Surgeons at Banner Desert Medical Center in Mesa, Arizona, implanted expanders in the eye sockets of Richie, when the infant was just seven weeks old. This could allow physicians to implant prosthetic eyeballs in the near future, or artificial eyes, when and if they are ever developed by researchers.

"I think we were just in shock. Obviously very upsetting. The first thought through your mind is, how did this even happen and how was it not even caught?" Lopez asked about her delivery.

Parents of young Richie still want to know what caused their baby to be born without eyeballs, and physicians are still uncertain.
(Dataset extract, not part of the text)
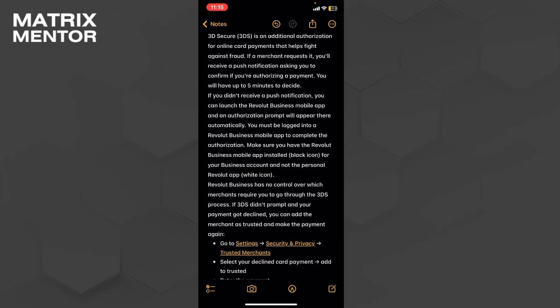You will just have to wait for two or three minutes to receive a push notification. If you don't receive any notifications, just go and launch the Reward Business mobile application on your phone.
The condition is extremely rare, and is known to physicians as Anophthalmia.

Richie wears baby sunglasses when he goes out with his parents. The mother told reporters she has received several negative and insensitive comments about her baby's condition.

Young Richie rubbed the expanders out of his eye sockets on one occasion, and the family dog ate one of the devices. When both eye sockets pulled out at two in the morning, the mother had to re-insert the device by herself, guided by telephone instructions provided by a surgeon. Currently, just one expander is present in the infant.

"It was so emotional, but I knew I had to do it. I knew that he needed this and I had no other choice; we were going to get it back in," the mother told the press.

Richie is enrolled in specialized programs for the well-being of blind infants, and is happily playing with toys designed for babies with similar physical challenges.

Anophthalmia simply refers to an absence of eyeballs. The term is often used by physicians along with microphthalmia, the presence of just a small piece of eye material. In most cases of this disorder, some fragments of eye can be seen in CT or MRI scans. Just one out of 5,000 infants is born with this condition.

One advantage the young boy has is that optic nerves are present in each of his eye sockets. This might allow physicians to, one day, implant biological or artificial eyeballs in the boy, although no such operation is currently scheduled.